Littérature française

Agnès Desarthe

Le Château des rentiers

illustration

Chronique de Betty Duval-Hubert

Librairie La Buissonnière (Yvetot)

Une utopie réaliste, une fable élégante, émouvante et savoureuse autour de la vieillesse. Un projet idéaliste empli d'une bienveillance sans contraintes, allègre. Un désir d'être soi, serein, avec les siens.

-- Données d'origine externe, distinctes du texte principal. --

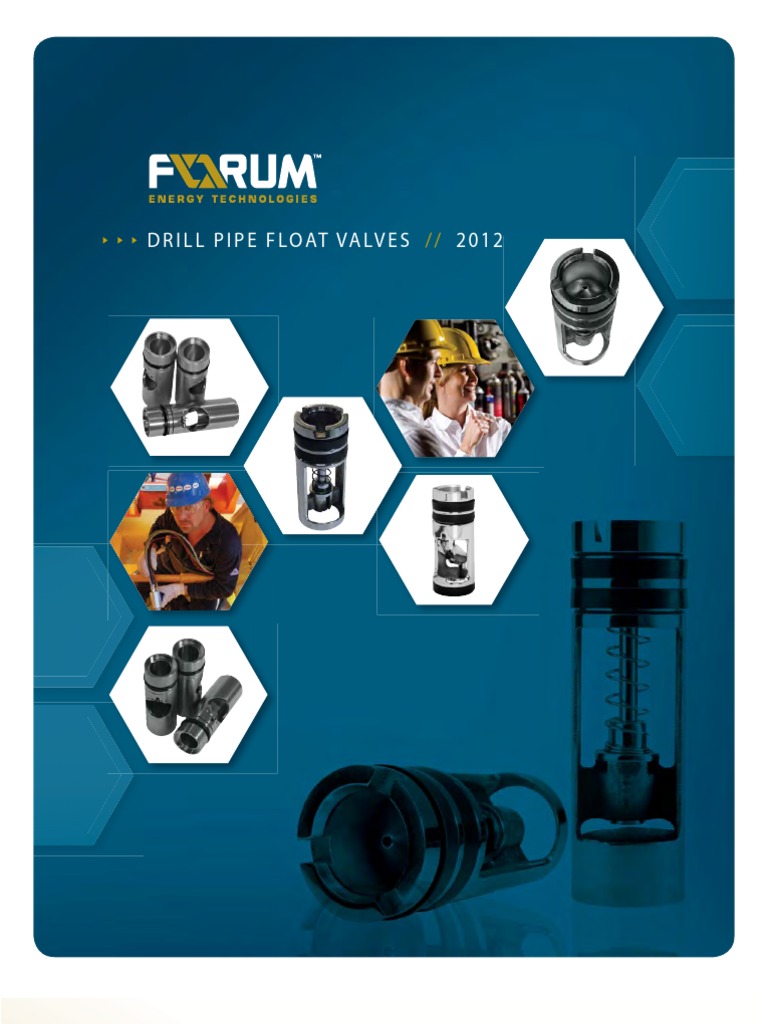 Drill Pipe Float Valve Catalog - Web | PDF | Valve | Pipe (Fluid ...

Le Château des Rentiers est une fantaisie romanesque, tantôt enjouée, lumineuse et drôle, tantôt mélancolique, sévère et grave. C'est le lieu des souvenirs et de la mémoire, du temps qui passe et qui a passé, du temps qu'il reste à vivre, à penser et à panser. Les grands-parents maternels de l'auteure ont connu, dans cette rue du XIIIe arrondissement de Paris dont le roman porte le nom, une vie intime et communautaire hors normes. L'air de rien, accompagnés de leurs amis, pour certains rescapés des rafles et des camps d'extermination nazis, ils ont investi et habité plusieurs appartements d'un immeuble flambant neuf, créant ainsi un phalanstère surprenant au cœur du Paris du XXe siècle. « Avaient-ils compris que la vieillesse est plus âpre quand elle est solitaire ? » Enfant, l'auteure se souvient y être allée fréquemment, avec amusement, sans ennui et sans contraintes. Il y avait ce plaisir fugace des rencontres, des visites inattendues, des échanges de recettes culinaires traditionnelles, des disputes en yiddish ou en russe, des couloirs à traverser pour circuler d'une famille à l'autre dans une ambiance d'éternelle jeunesse. Ils étaient des survivants, en sursis, heureux d'être encore présents, discrets dans leurs douleurs et leurs souffrances. Serait-ce complètement utopique et fallacieux de créer un tel endroit aujourd'hui, de réunir les siens, sa famille et ses amis proches dans un lieu pensé, adapté et accueillant ? À quel moment comprend-on la vieillesse ? Comment accepte-t-on de vieillir ou pas ? Convoquant un chœur réel ou imaginaire, l’auteure apporte des possibilités de réponses à ces questions. De l'acceptation au déni, en passant par la colère, la peur, le rejet, la sempiternelle complainte et ce souhait d'être simplement sans trop de douleurs ni d'empêchements, on perçoit la fragilité d'être humain et le bonheur d'être vivant.